## Assigned task
Restate, word for word and with no pictures, the stretch of lines in the data below that begins at the line with "Size 7.5 men’s" and ends at the line with "Nulaxy Laptop Stand - Picture 1 of 4", inclusive.

## Material to process

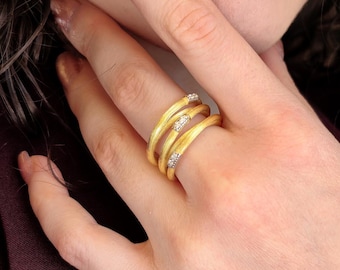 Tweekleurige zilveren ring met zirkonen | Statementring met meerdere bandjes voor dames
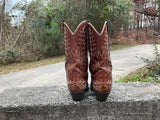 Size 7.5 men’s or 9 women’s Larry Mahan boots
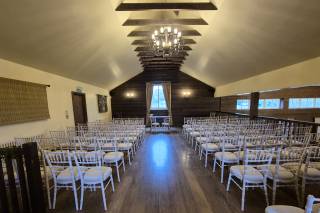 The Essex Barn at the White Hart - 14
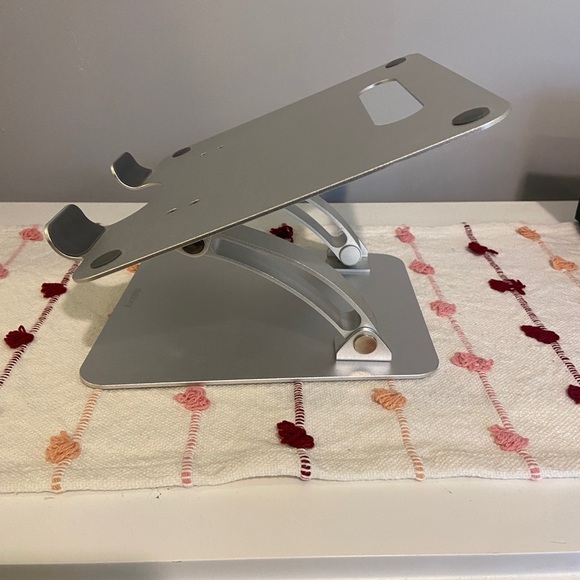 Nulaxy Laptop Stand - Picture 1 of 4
---
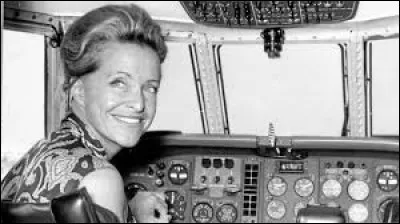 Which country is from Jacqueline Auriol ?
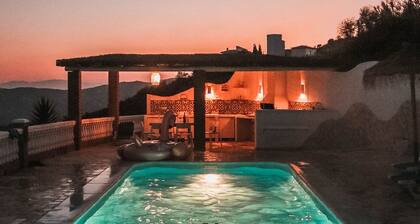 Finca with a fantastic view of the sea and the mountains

## Response for this exercise
 Size 7.5 men’s or 9 women’s Larry Mahan boots
 The Essex Barn at the White Hart - 14
 Nulaxy Laptop Stand - Picture 1 of 4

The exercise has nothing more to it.